>>>>

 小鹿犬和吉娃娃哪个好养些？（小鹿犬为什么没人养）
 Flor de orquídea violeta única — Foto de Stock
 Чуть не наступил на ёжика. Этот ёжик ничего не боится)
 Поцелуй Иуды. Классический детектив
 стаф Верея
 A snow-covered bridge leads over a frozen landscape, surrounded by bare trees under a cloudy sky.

<<<<
>>>>

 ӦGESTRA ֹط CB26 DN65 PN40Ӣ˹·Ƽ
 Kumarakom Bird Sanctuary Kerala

<<<<
>>>>

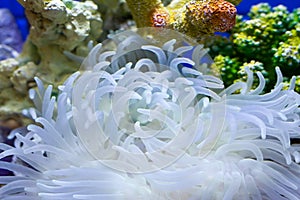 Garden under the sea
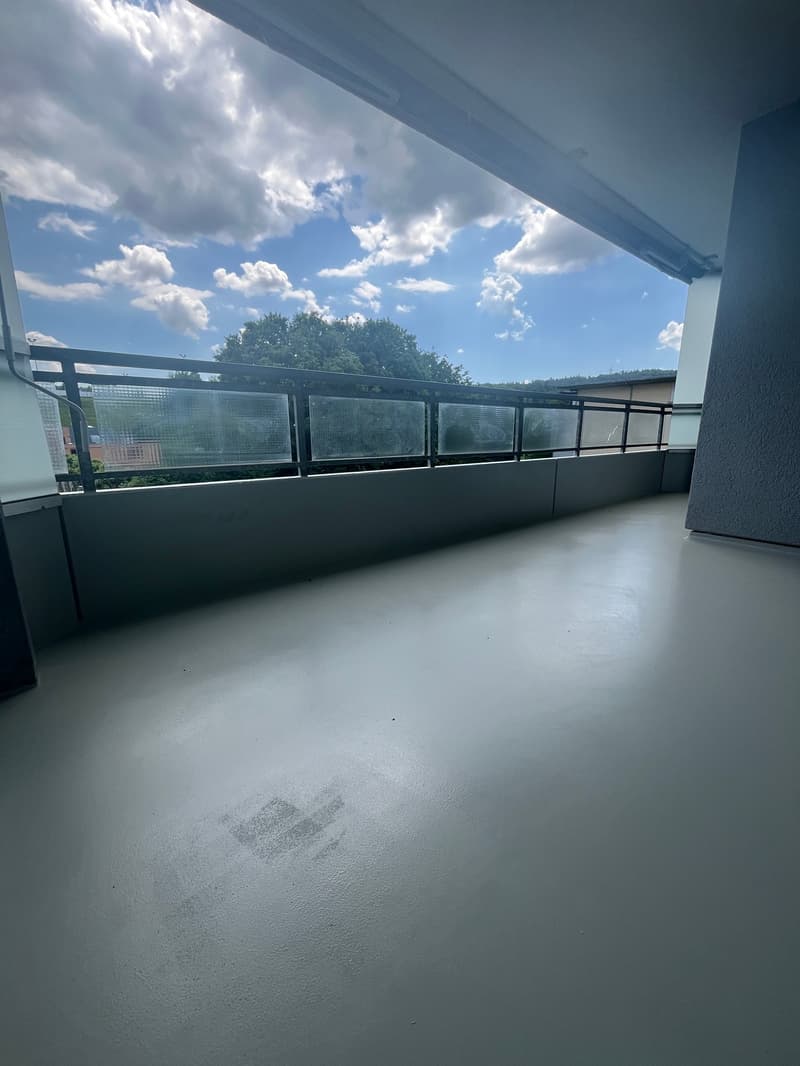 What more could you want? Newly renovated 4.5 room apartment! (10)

<<<<

## TASK STATEMENT
With the first line being the one containing "ӦGESTRA ֹط CB26 DN65 PN40Ӣ˹·Ƽ" and the last line the one containing "Kumarakom Bird Sanctuary Kerala", transcribe exactly the lines above that fall in that range.

## WRITTEN ANSWER
 ӦGESTRA ֹط CB26 DN65 PN40Ӣ˹·Ƽ
 Kumarakom Bird Sanctuary Kerala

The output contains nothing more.